A few months ago we added a policy that required 2 gem authors per
plugin. We did, however struggle to actually get two authors on some
plugins.
To make this a more "official" policy, I've created a "Foreman" account
on Rubygems, and the user <theforeman.rubygems@gmail.com> can be added
to any gem we keep on our namespace. This should minimize any issues
when transferring gems to new owners.
The account has a recovery email of my RedHat address, which means it
can be recovered even if I get hit by a bus (because my superiors can
open it). I will also revive the discussion about sharing infra
passwords with appropriate security
Unless anyone has any strong objections, I'll send a PR for review to
make adding this owner an official policy for our gems.

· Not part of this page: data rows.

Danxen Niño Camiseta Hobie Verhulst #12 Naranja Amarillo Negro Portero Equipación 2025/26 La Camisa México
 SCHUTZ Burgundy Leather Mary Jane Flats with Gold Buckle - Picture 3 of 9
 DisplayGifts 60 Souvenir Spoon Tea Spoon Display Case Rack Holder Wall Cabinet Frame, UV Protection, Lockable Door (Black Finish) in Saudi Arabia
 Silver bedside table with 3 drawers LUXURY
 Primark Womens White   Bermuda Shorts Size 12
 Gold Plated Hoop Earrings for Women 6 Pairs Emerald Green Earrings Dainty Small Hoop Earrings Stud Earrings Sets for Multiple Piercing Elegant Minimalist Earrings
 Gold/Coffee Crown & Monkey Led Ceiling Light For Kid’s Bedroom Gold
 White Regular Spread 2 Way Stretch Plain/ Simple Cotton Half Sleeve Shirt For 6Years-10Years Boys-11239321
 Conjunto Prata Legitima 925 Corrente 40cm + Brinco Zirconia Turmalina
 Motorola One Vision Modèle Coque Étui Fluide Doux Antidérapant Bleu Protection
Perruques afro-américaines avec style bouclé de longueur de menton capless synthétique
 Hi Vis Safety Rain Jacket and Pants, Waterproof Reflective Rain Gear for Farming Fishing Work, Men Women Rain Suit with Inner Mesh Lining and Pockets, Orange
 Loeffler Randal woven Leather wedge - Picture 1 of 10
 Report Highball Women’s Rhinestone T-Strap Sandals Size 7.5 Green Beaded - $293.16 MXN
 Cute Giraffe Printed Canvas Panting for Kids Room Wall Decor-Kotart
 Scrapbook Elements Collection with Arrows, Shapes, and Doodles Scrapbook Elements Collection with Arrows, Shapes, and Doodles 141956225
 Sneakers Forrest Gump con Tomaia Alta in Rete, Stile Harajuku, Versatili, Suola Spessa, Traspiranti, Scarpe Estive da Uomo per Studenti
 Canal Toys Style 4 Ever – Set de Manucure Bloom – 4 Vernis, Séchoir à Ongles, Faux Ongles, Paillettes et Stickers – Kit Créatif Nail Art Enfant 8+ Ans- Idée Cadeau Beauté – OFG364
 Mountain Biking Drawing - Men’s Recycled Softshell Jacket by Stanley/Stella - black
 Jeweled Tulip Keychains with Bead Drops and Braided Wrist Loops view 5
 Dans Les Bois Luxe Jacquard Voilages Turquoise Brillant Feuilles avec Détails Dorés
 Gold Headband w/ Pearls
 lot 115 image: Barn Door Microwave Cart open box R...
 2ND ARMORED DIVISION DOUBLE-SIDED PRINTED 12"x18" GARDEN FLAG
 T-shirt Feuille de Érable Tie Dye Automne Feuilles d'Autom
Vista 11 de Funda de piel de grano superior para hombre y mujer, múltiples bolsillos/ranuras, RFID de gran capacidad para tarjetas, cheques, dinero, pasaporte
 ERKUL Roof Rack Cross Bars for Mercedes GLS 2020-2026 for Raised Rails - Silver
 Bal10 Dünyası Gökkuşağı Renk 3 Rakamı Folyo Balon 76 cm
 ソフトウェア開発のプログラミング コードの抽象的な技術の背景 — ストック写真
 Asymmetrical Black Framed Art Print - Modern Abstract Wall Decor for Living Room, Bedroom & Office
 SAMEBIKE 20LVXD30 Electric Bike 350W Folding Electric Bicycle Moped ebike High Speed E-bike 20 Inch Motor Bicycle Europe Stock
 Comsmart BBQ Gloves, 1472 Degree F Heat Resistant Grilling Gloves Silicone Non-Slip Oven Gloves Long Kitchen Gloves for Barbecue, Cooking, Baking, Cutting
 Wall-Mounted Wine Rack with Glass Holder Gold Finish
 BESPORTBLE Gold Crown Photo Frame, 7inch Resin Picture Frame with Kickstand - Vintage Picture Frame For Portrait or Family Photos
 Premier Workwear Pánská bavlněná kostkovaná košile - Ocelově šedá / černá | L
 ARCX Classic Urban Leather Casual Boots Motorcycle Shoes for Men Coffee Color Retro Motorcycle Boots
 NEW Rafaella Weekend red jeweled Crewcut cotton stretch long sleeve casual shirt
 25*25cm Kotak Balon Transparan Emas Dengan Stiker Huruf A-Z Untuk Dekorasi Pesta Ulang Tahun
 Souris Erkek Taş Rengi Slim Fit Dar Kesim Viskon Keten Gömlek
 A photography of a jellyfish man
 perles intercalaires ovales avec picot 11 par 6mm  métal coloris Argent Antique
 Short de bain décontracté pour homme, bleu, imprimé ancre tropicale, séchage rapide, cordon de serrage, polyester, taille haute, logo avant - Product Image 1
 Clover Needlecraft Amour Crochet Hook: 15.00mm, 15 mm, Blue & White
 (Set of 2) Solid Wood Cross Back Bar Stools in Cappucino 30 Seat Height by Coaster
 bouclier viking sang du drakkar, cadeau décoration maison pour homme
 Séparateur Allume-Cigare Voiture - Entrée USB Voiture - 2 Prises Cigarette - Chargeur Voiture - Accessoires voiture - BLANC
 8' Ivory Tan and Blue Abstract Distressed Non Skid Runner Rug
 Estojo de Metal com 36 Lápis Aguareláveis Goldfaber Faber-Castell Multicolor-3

That user is now added to every gem I have access to. Feel free to do
the same with your own
Greg
···
On 10/11/17 14:02, Greg Sutcliffe wrote:
> To make this a more "official" policy, I've created a "Foreman" account
> on Rubygems, and the user can be added
> to any gem we keep on our namespace. This should minimize any issues
> when transferring gems to new owners.
tl;dr: on tags it can deploy the gem to rubygems. It standardizes the
deploy process and you're sure that any gem has a tag and vice versa.
···
On Fri, Nov 10, 2017 at 02:02:10PM +0000, Greg Sutcliffe wrote:
>A few months ago we added a policy that required 2 gem authors per
>plugin. We did, however struggle to actually get two authors on some
>plugins.
>
>To make this a more "official" policy, I've created a "Foreman" account
>on Rubygems, and the user can be added
>to any gem we keep on our namespace. This should minimize any issues
>when transferring gems to new owners.
>
>The account has a recovery email of my RedHat address, which means it
>can be recovered even if I get hit by a bus (because my superiors can
>open it). I will also revive the discussion about sharing infra
>passwords with appropriate security ;)
>
>Unless anyone has any strong objections, I'll send a PR for review to
>make adding this owner an official policy for our gems.
For what it's worth: it'd be good if this was rubygems@theforeman.org,
even if it's still stored on gmail. That way you can easily change it as
long as you own the domain.
···
On Fri, Nov 10, 2017 at 02:02:10PM +0000, Greg Sutcliffe wrote:
>To make this a more "official" policy, I've created a "Foreman" account
>on Rubygems, and the user can be added
>to any gem we keep on our namespace. This should minimize any issues
>when transferring gems to new owners.
I was about to suggest exactly this. Add the gems to a bot, let the
bot handle pushing new versions. Can be automated from the Git so we
don't even need any other authors on a gem (provided the access to the
bot account is properly shared for yanking etc).
Thoughts everyone?
···
On 10/11/17 14:23, Ewoud Kohl van Wijngaarden wrote:
>
> I like this. What are the opinions on deploying gems through Travis like
> voxpupuli does?
>
> https://docs.travis-ci.com/user/deployment/rubygems/
>
> tl;dr: on tags it can deploy the gem to rubygems. It standardizes the
> deploy process and you're sure that any gem has a tag and vice versa.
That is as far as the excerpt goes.